> [Directions]
What are the lines, copied exactly, from the one containing "Step four, restart" through the final line of the material? Leave the pictures out.

━━━━━━

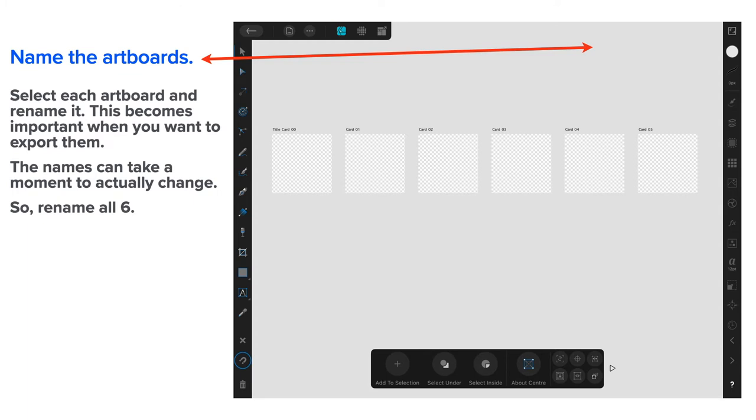You might even have to exit the document and come back in. Sometimes they change, sometimes they don't. Maybe that's just my iPad. Anyway, rename all six. The title card 00 through card 1 down to card 5.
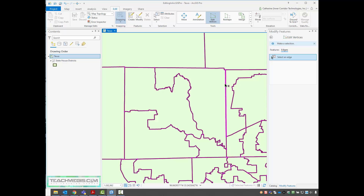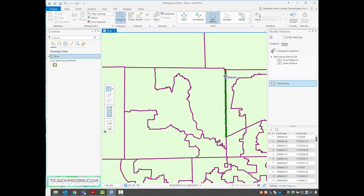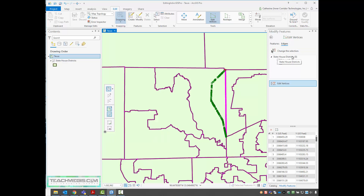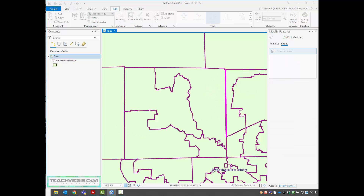If there was a redistricting due to, say, the census, we could select this edge between these two districts, grab one of our vertices and adjust it, grab another vertex and adjust it, until we get the shape that we need. When we're happy with it, we'll finish our sketch. In the Modify Features pane, it shows the layer name and the two different polygons sharing this edge.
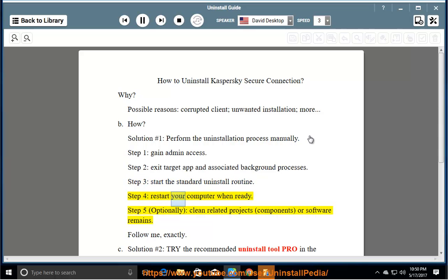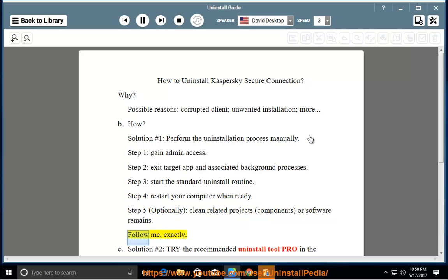Step four, restart your computer when ready. Step five, optionally clean related projects, components, or software remains. Follow me exactly.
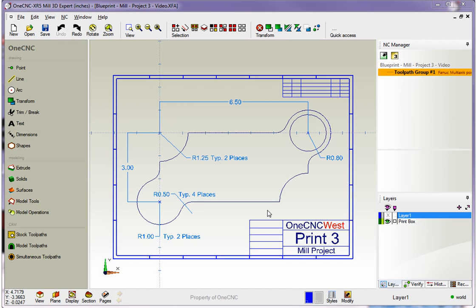Hello, this is Patrick at 1CNC West, and what we're going to do in this training video is continue to take a look at creating parts using 1CNC geometry. Now, this part's a little bit more complicated than our last one, but it's still going to be very easy to create within 1CNC. Now, the same tips apply.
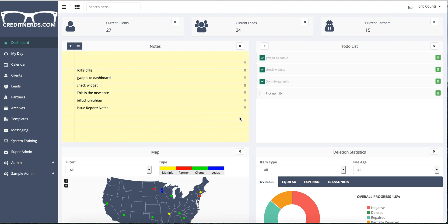Hey everybody, Eric Counts here with a quick video update for you on how to use the spinner inside of Disco. So basically what you're going to do is you're going to go over here to templates, click it.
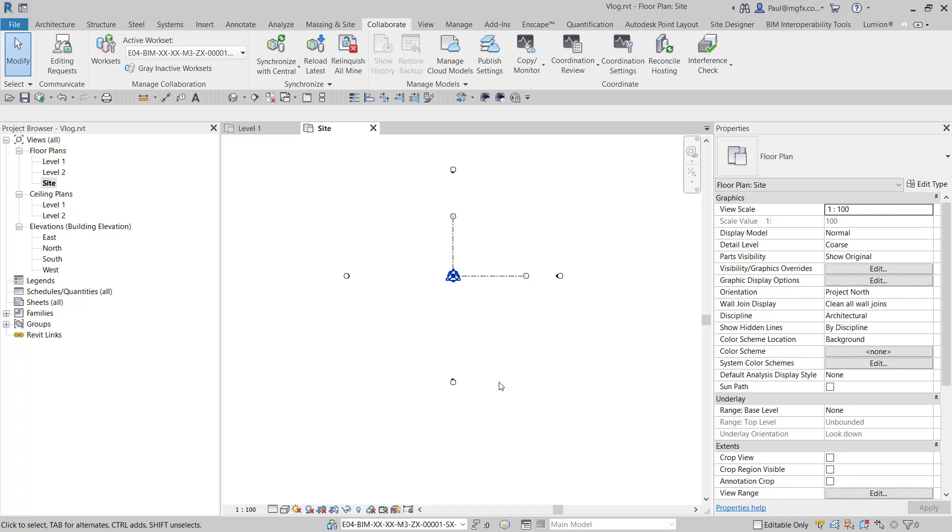Hi everyone. Today I'm once again looking at shared coordinates but also sites within a model and how they can be transferred into a file of our choosing.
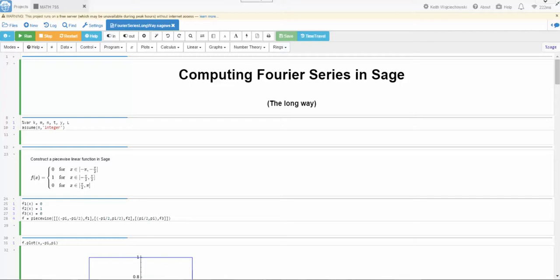Hello students. In this video we're going to use SAGE as a tool to help us compute a Fourier series approximation to a function. Now what we're really going to do is compute an n-th partial sum of a Fourier series because a Fourier series is an infinite series.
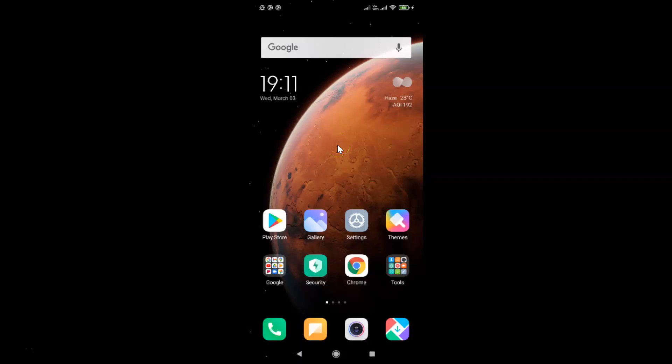Hi guys, in this video I will show you how to enable dark theme in Google Maps app on Android officially. So this is my Android device. Let us start.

━━━━━━

> [Your solution]
Step four, restart your computer when ready. Step five, optionally clean related projects, components, or software remains. Follow me exactly.
Hello, this is Patrick at 1CNC West, and what we're going to do in this training video is continue to take a look at creating parts using 1CNC geometry. Now, this part's a little bit more complicated than our last one, but it's still going to be very easy to create within 1CNC. Now, the same tips apply.
Hey everybody, Eric Counts here with a quick video update for you on how to use the spinner inside of Disco. So basically what you're going to do is you're going to go over here to templates, click it.
Hi everyone. Today I'm once again looking at shared coordinates but also sites within a model and how they can be transferred into a file of our choosing.
Hello students. In this video we're going to use SAGE as a tool to help us compute a Fourier series approximation to a function. Now what we're really going to do is compute an n-th partial sum of a Fourier series because a Fourier series is an infinite series.
Hi guys, in this video I will show you how to enable dark theme in Google Maps app on Android officially. So this is my Android device. Let us start.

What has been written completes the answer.